Cette fois, l’héroïne fantasque d’un Paris Montmartre fantasmé est invitée dans les formes. Et cette projection balnéaire, pieds dans le sable et tête dans les étoiles, se marie plutôt bien avec son univers.

“C’est vrai, il y a un côté Jacques Tati avec Les vacances de Monsieur Hulot, se réjouit J-P. Jeunet. L’écran va soudain s’envoler, les gens vont s’y accrocher avec un chapelet de chaises longues en direction du ciel”.

Ça y est, voilà l’auteur-conteur à nouveau lancé. On lui parle d’Amélie et sa propre boîte à souvenirs, ou à bonbons, s’ouvre aussitôt.

La meilleure madeleine d’Amélie? “Oh, il y en a tellement. Comme dit Hazanavicius pour The Artist, on a l’impression que certains films traversent la ville tous feux au vert. Ce fut le cas avec Amélie, jusqu’à la cérémonie des Oscars où Harvey Weinstein a malheureusement été boycotté. Dommage, la statuette, qui nous était promise, aurait fait bel effet sur mon bureau.”

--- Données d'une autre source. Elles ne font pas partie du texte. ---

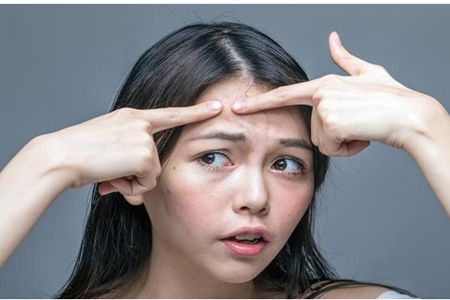 女生額頭長痘的原因，對癥下藥才能有干凈肌膚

Qu’importe. Le fabuleux destin, c’est aussi celui d’Audrey Tautou, alors que le rôle avait été confié à Emily Watson, puis pressenti pour Vanessa Paradis.

“Emily a laissé tomber pour raison personnelle quelques semaines avant le tournage. Vanessa Paradis, c’était une idée, mais elle avait un disque à enregistrer, précise Jean-Pierre. J’ai alors vu la bouille d’Audrey sur l’affiche de Venus Beauté Institut, une petite tête d’elfe qui correspondait bien. Lors du casting, au bout de dix minutes à peine, je lui ai dit, tout ému: “Mais tu viens de quelle planète, toi?””

Voilà pour le visage. Pour ce qui est des usages et manies d’Amélie, notamment casser la croûte d’une crème brûlée avec le dos de la cuillère, il faut encore s’en référer… à Jean-Pierre! “Eh oui, j’ai toutes ses manies, Amélie Poulain, c’est moi!

Une bienfaitrice de l’humanité, comme échappée d’un conte de fées, “mais chaque être humain a aussi un petit côté Amélie, on le voit lors de catastrophes. Ce qui n’empêche pas l’homme d’être également la pire espèce de la planète!”

Pas le cas dans le Paris d’Amélie, que Jeunet avait reconstitué, “celui d’avant la maire Anne Hidalgo, le Paris qui n’était pas encore saccagé par des pistes cyclables et de faux travaux”, peste Jeunet.

Ce vendredi soir, c’est bien à Cannes, sur la Croisette, qu’Amélie revit.